THE TASK
From the records below, please repeat exactly the line that has "Viettel aide ses", the line that has "2025 Chevrolet Express", and every line between them, and nothing else.

DATA

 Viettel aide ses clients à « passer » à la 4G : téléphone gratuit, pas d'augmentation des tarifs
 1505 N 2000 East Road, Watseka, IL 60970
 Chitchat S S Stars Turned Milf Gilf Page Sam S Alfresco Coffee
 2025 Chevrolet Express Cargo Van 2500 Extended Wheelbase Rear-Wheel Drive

* * *

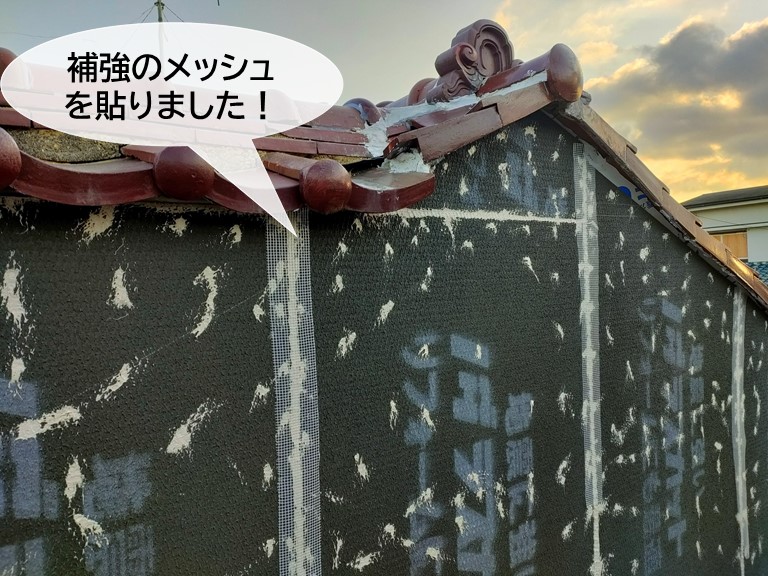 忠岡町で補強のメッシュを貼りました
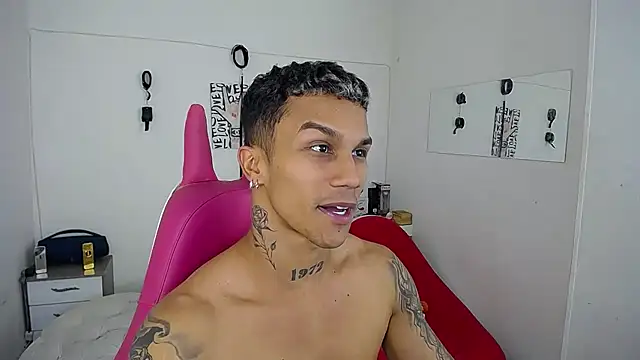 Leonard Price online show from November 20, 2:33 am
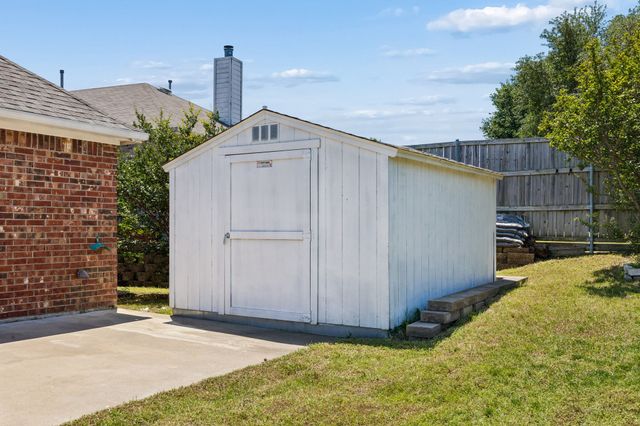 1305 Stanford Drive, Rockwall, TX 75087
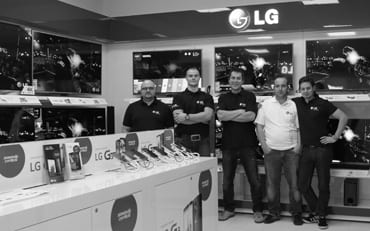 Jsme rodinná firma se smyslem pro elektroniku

THE ANSWER
 Viettel aide ses clients à « passer » à la 4G : téléphone gratuit, pas d'augmentation des tarifs
 1505 N 2000 East Road, Watseka, IL 60970
 Chitchat S S Stars Turned Milf Gilf Page Sam S Alfresco Coffee
 2025 Chevrolet Express Cargo Van 2500 Extended Wheelbase Rear-Wheel Drive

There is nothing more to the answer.